Here are a few simple rules that will help keep you off the rocks -
1. Draw a schematic of your problem.
2. Label each value on the schematic that is known.
3. Determine What it is that you want to know. Is it the current, VOLTAGE, resistance, POWER, EFFICIENCY, INPUT OR OUTPUT?
4. Select the equation for your solution and use the EASIEST form of the equation. If you are looking for current, use I = E/R. If you are looking for VOLTAGE, use E = IR. If you are looking for resistance, use R = E/I.
5. (IMPORTANT) Apply the law to either a PART or the WHOLE circuit. DoN'T MIX UP YOUR VALUES. If you are looking for the resistance of a PART of a circuit, use the values or current and voltage for that PART. If you are looking for the TOTAL resistance, use the values of current and voltage for the TOTAL circuit.
6. Substitute the numerical values in your equation and solve.
You've been given a pretty big dose of formulas and equations all at once. They're hard to take - so, here's a "crutch" to help you over the rough spots. When you have a problem in current, voltage, or resistance sketch a "pie" and divide it into three pieces. Label each piece as in figure 42. Now, using your finger, cover up the quantity you want to know. What's left is the formula for solving for that quantity.
For example, if you want to know current, cover I; E/R remains, and I = E/R. If you want to know the voltage, cover E; IR remains, and E = IR. Likewise, if you want to know resistance, cover R; E/I remains, and R = E/I. You can make the same kind of "pie" for the power equation. It's shown in figure 43.

Figure 42. - Ohm's law.                    Figure 43. - Power equation.
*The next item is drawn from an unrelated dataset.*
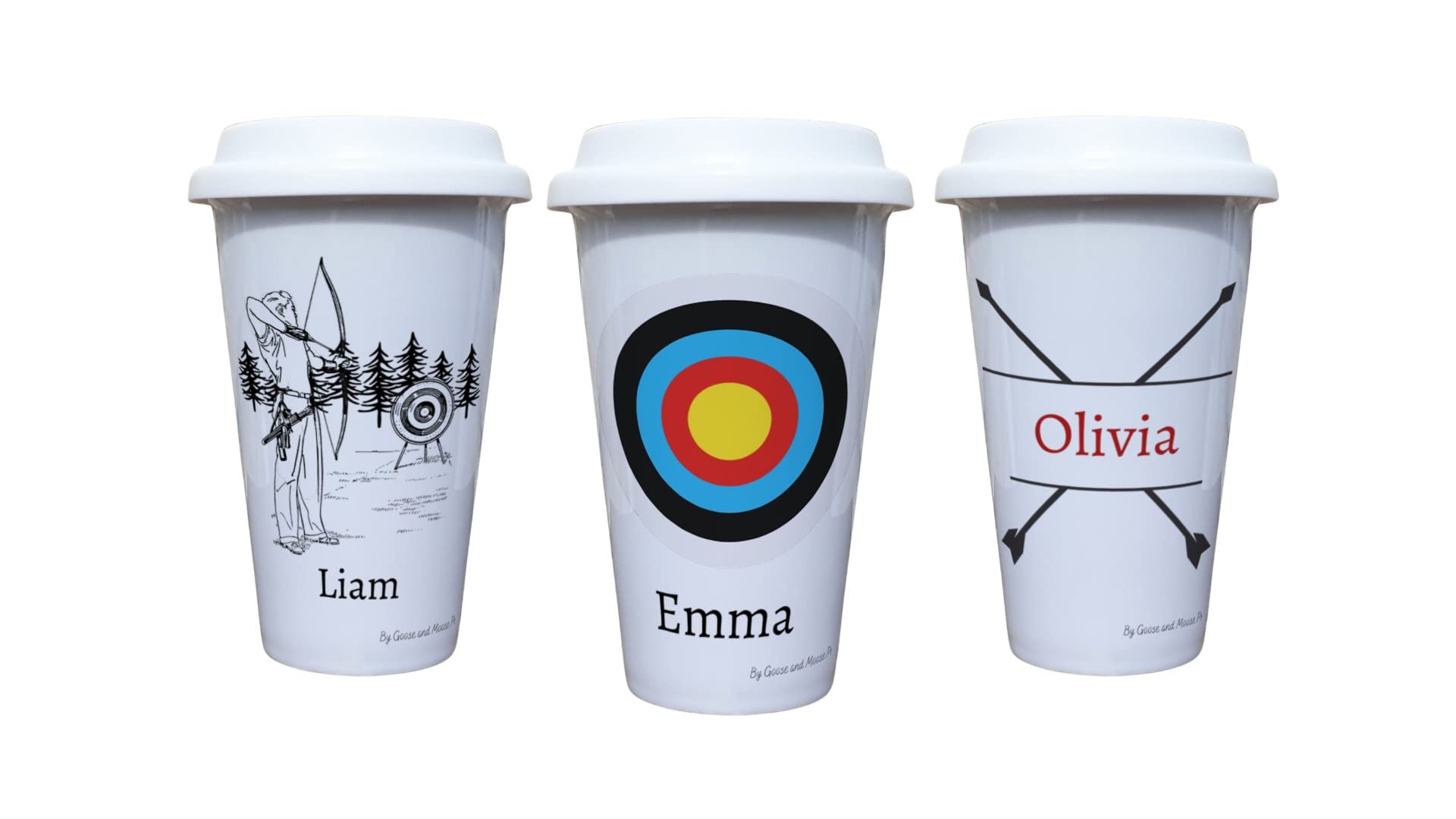 Archery Hobby Travel Mug Personalised - Gift for Bow & Arrow Lover - Personalised Crossbow Thermal Ceramic Insulated Travel Mug (Arrows)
Simple, isn't it? Let's try it on a few problems.
 

PROBLEMS IN SERIES CIRCUITS

The BEST (not always the easiest) way to get a clear understanding of circuits is to work circuit problems. You will learn a lot by going through each of the examples which follow. Each example has been selected to illustrate a practical circuit problem.

EXAMPLE 1 -
Three lamps are connected in series. Each has a resistance of 60 ohms. A generator producing 120 v. of EMF powers the circuit. What is the total current in the circuit, and what is the current through each lamp?
Rule 1. Sketch the circuit - figure 44.

Figure 44. - Example 1.

Rule 2. Label values.
Rule 3. What is wanted? I_t, I₁, I₂ and I₃.

Rule 4. Use I = E/R
Rule 5. Use I = E/R first, for the TOTAL current, and then, for the current of EACH LAMP.
Rule 6. Use I_t = E_t/R_t = 120/180 = 2/3 amp.
(for I_t)                           (R_t = R₁ + R₂ + R₃)
(for I₁, I₂ and I₃) E₁/R₁ = 40/60 = 2/3 amp. (Voltage divides in a series circuit)
Is it strange that the answers are the same? No - I_t = I₁ = I₂ = I₃ in a series circuit. Therefore, the total current is equal to the part currents. You will learn to make use of short cuts like this. But until you are sure of what you're doing, it's. best to be complete AND CORRECT. Suppose you had slipped up on Rule 5 (using a combination of a PART and the WHOLE). Say you had used the TOTAL voltage and the resistance of a PART. See what happens -
      I = E/R = 120/40 = 3 amps. ABSOLUTELY WRONG.

EXAMPLE 2 -

Figure 45. - Example 2.

Two lamps are connected in series on a 240-v. line. One lamp has 40 ohms resistance, the other has 80 ohms resistance (see figure 45). What is the total current and power? What is the current and power of each lamp?
    I_t = E_t/R_t = 240/120 = 2 amps.
    I_t = I₁ = I₂ therefore I₁ = I₂ = 2 amps.
    P_t = E_tI_t = 240 x 2 = 480 w.
The power of each of the two lamps can be found in two ways.
      (1) Find the voltage drop across each lamp -  (RF Cafe note: original had E₁ and E₂ reversed)
           E₁ = I₁ x R₁ = 2 x 40 = 80 v.
           E₂ = I₂ x R₂ = 2 x 80 = 160 v.
Then -  (RF Cafe note: original had P₁ and P₂ reversed - thanks to Lou N.)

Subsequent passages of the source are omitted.